Quedé con Carmen no hace mucho, antes de que recibiera la Alta Distinción de la Generalitat (ese día, que hubiera sido el último, llegué tarde: acababa de marcharse). Necesitaba su luz. Ella era así, era un faro. Una guía, un referente, una inspiración. Venía de una sesión de acupuntura, supongo que para aliviar el dolor, pero con la sonrisa colgada de oreja a oreja. Nos dieron las tantas charlando, como siempre, nos quedamos sin comer y, pese a su delicado estado de salud, clavó sus ojos en mis ojos, y no miró una sola vez la hora ni el teléfono.
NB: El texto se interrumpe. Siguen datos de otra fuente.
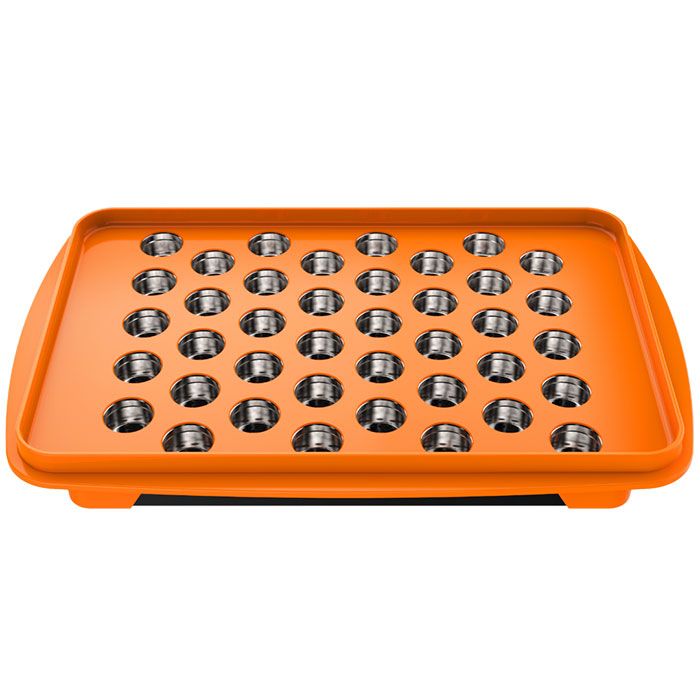 Top view of the orange filling tray holding dosing capsules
Ni tampoco dejó de sonreír.

Ya conocía a Carmen, por supuesto, como directora del IVAM, como ministra de Cultura... pero coincidimos de forma más estrecha, por motivos profesionales, cuando se lanzó a la aventura -en la que nunca terminó de encajarme, la verdad- del Ayuntamiento de València. Aunque puso allí, como en todas partes, su sello, su color, su luz. Congeniamos. Ambas teníamos muchas cosas en común.
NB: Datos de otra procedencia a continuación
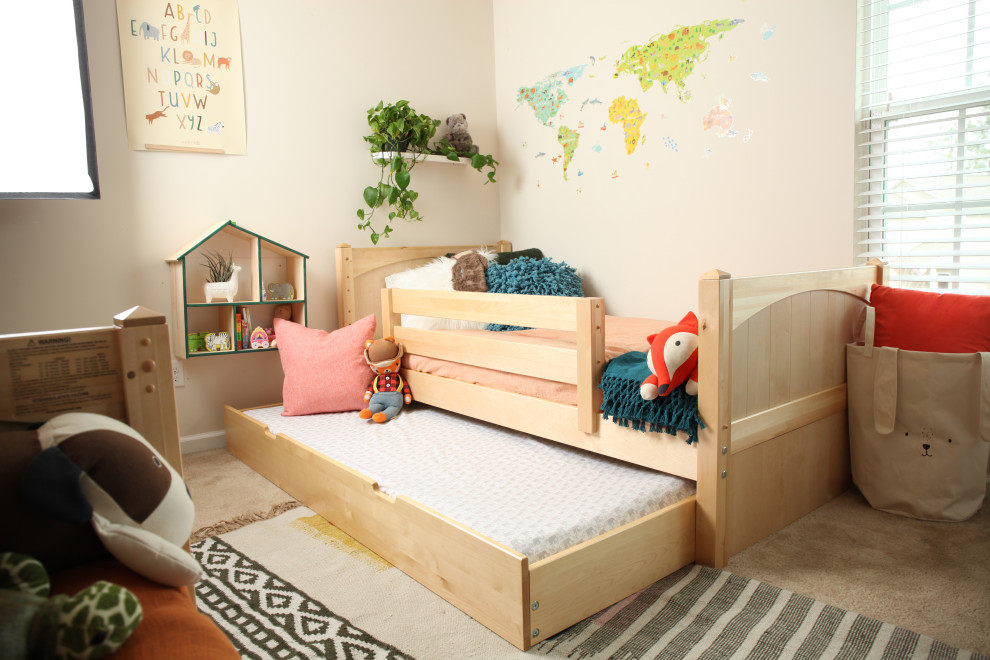 This is an example of a small bohemian gender neutral toddler’s room in Other with green walls.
En la vida hay personas que, no sabes por qué, brillan más que el resto. Las ves de día y en la oscuridad. Y Carmen era una de esas personas. Un modelo -atípico, quizá complicado de engastar en el mecanismo, justamente por eso- de política, de representante pública, independiente entre partidos o con los labios y la melena roja entre los escaños repletos de trajes aburridos. Un modelo de escritora. Recuerdo una entrevista en la que, hablando de la madurez de la mujer, de la invisibilidad, exclamó divertida: «Nosotras ya paramos el tráfico. Que lo hagan otras ahora». Era un modelo de feminista, convencida, pionera (El #MeToo lo inventamos hace décadas, dijo una vez), con un feminismo sencillo, claro, directo, incuestionable. Y un modelo de feminidad. Era un modelo de mujer. Era, es, una mujer-faro.

Ayer, cuando se fue, al menos, lucía el sol. El día era brillante y luminoso. Como Carmen.